Michael Dobbs wrote yesterday: "A few weeks ago, the foreign minister of Slovenia was in Washington attempting to interest the United States in a military alliance with his country. He had barely finished making his sales pitch when the foreign minister of Slovakia showed up on an identical mission. A few days later, it was the turn of the foreign minister of Romania. Many Americans might have difficulty locating Slovakia and Slovenia on a map. Over the next six months, however, the next president of the United States will have to decide whether American soldiers should be ready to die for Bratislava or Ljubljana, in the same way that they can already be called upon to defend Paris or London."

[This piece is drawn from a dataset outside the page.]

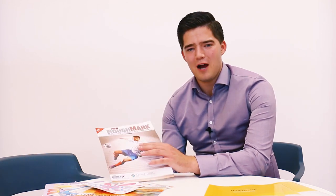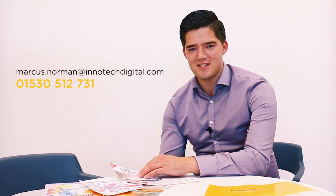We're really hoping this will be a really helpful product for you guys. We're really looking forward to discussing further. If you want to get in touch please do. Email is marcus.norman@innertechdigital.com.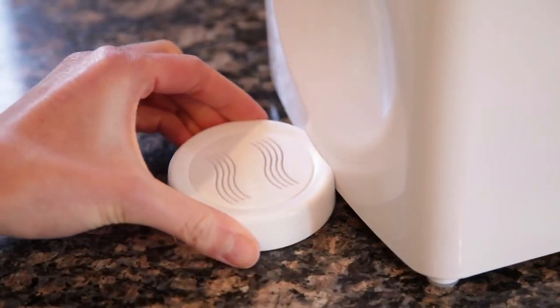Next, insert the splash tray at the bottom of the cooler. Then simply plug in your Little Luxury, switch it on, and in 30 minutes you'll have ice-cold filtered healthy drinking water.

SUDDEUTSCHE ZEITUNG: Delay of elections will extend NATO mission
On the role of NATO in Bosnia, the German newspaper editorializes today: "The OSCE made the only right decision in postponing local elections which were planned for November. This has direct significance for the military presence of the West in the former war region of Yugoslavia. The soldiers will have to stay longer than Christmas, in order to guarantee a fair election next year, longer than U.S. President Bill Clinton has promised his voters. The second postponement of the elections, which were put off before in September, shows that if the Europeans -- in the contact group, in the IFOR or in the OSCE -- stick together, even the United States -- which urges a quick end to their Bosnia involvement -- will let itself be instructed."
CHICAGO TRIBUNE: Realities outweigh an optimistic U.S. political calendar
Terry Atlas wrote today: "With the grim realities in Bosnia outweighing an optimistic U.S. political calendar, Western officials bowed to the inevitable yesterday and postponed next month's Bosnian municipal elections until at least next spring. The decision to delay the potentially explosive local voting -- for the second time -- essentially ensures that the United States and its NATO allies will have to maintain a substantial peacekeeping force in Bosnia through next year."
"With the November 5 election drawing near, Clinton administration officials have been wary of discussing planning for a follow-on peacekeeping force, which might be seen as a retreat from President Clinton's pledge to end the military mission and withdraw American troops after a year. His promise didn't rule out a new NATO operation with American troops taking part," Atlas said.